Background information
- Origin: London, England
- Genres: Indie rock, garage rock revival
- Years active: 2005–2008, 2022
- Label: Vertigo
- Past members: Carl Barât; Didz Hammond; Gary Powell; Anthony Rossomando;

= Dirty Pretty Things (band) =

British rock band

Dirty Pretty Things were an English rock band fronted by Carl Barât, a member of The Libertines. The formation of the band was announced in September 2005, after a dispute between Barât and Pete Doherty led to the breakup of The Libertines in 2004. Barât had worked with Vertigo Records and had previously revealed that his new project was with the label. Didz Hammond announced he was leaving the Cooper Temple Clause to join the band alongside Libertines drummer Gary Powell and guitarist Anthony Rossomando, who had filled in for Doherty following his departure from The Libertines.

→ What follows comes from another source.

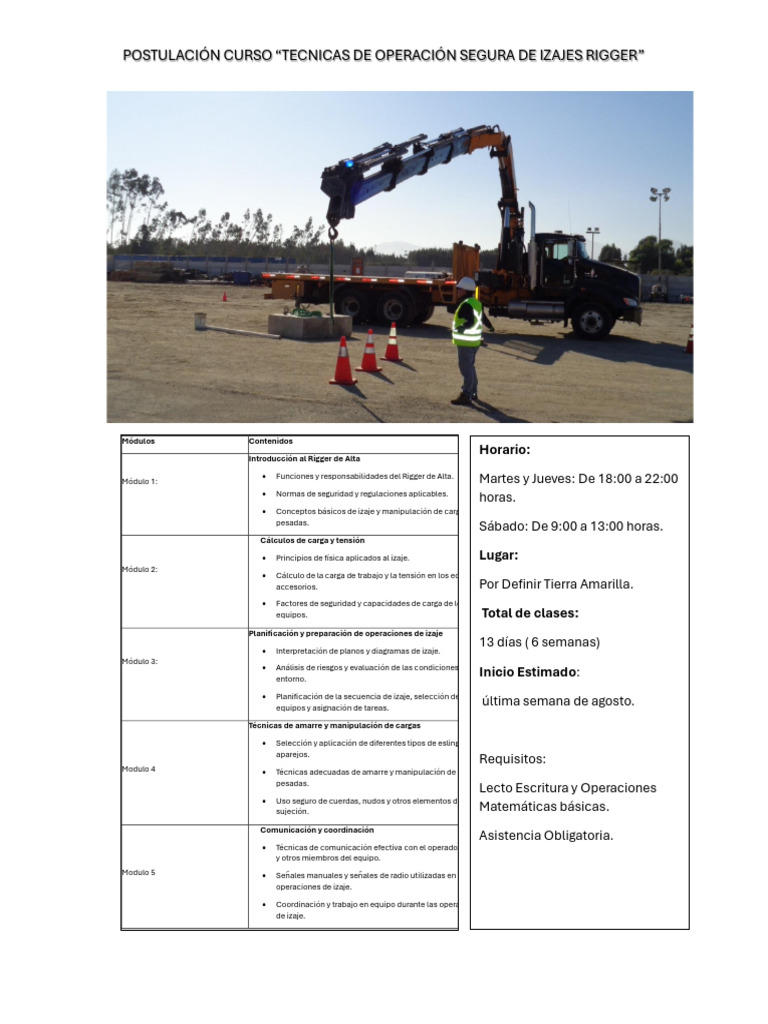 Curso de Técnicas de Izaje Rigger | PDF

They played their first shows in October 2005 in Rome, Italy and Paris, France. They announced their split on 1 October 2008 and played their final shows during November that year.

After adopting the name Dirty Pretty Things, problems arose - a four-piece band from Salisbury had been playing as "Dirty Pretty Things" since early January 2005, claiming to have already trademarked the name in the UK. The two groups came to an agreement over the name, and the other band was renamed Mitchell Devastation. An Australian band had been playing under "Dirty Pretty Things" since 2003, although they also opted to change it. The name was shared by Barât's club nights in venues throughout London; they assumed the name "Bright Young Things" to avoid confusion.

==History==

=== Formation and Waterloo to Anywhere: 2005–2006 ===
Dirty Pretty Things began recording their first album in Los Angeles, California with high-profile producer Dave Sardy, and in Glasgow, Scotland with producer Tony Doogan. "You Fucking Love It", a track from the band's debut album, was made available on a free CD with 1 April 2006 issue of NME entitled "NME and MTV2 present Best Newbands Showcase 2006".

The band's debut album, Waterloo to Anywhere, was released on 8 May 2006, reaching number three on the music charts and receiving critical approval. The first single (and first official band release) from the album, "Bang Bang, You're Dead", was released on 24 April 2006 and reached number five in the singles chart in its first week of sales. The second single, "Deadwood", was released on 10 July 2006 and reached number 20 in the singles chart. The album's third single, "Wondering", was released on 25 September 2006 and reached number 34.

The band toured extensively in the UK during the first half of 2006. They played their first American show at the SXSW festival in Texas. During the summer of 2006, the group played at several UK festivals, including the Gonville & Caius College May Ball 2006, Isle of Wight Festival, Wireless Festival, T in the Park, Kendal Calling and the Irish festival Oxegen. The band played with the Red Hot Chili Peppers at their concerts in Ipswich and Coventry in July 2006. The band were supported on their debut tour of the UK by Dublin band Humanzi.

On 13 May 2006 Barât and Hammond appeared on the football show Soccer AM. The pair appeared to be high or drunk following a night out after a gig in Wolverhampton, causing fellow guest Noel Gallagher to compare Barât's slightly incoherent rambling to that of his brother, Liam.

Following a festival appearance in Taipei, Barât broke his collarbone after falling from a motorbike during a drinking session, leading to speculation that Dirty Pretty Things would have to cancel upcoming performing dates in North America.

On 16 October 2006, the band released a DVD, Puffing on a Coffin Nail, which featured more than two-and-a-half hours of concert footage and documentaries. On 25 October 2006, Barât appeared as a special guest at Paul Weller's set during the Electric Proms, duetting on "Peacock Suit" and "In the City".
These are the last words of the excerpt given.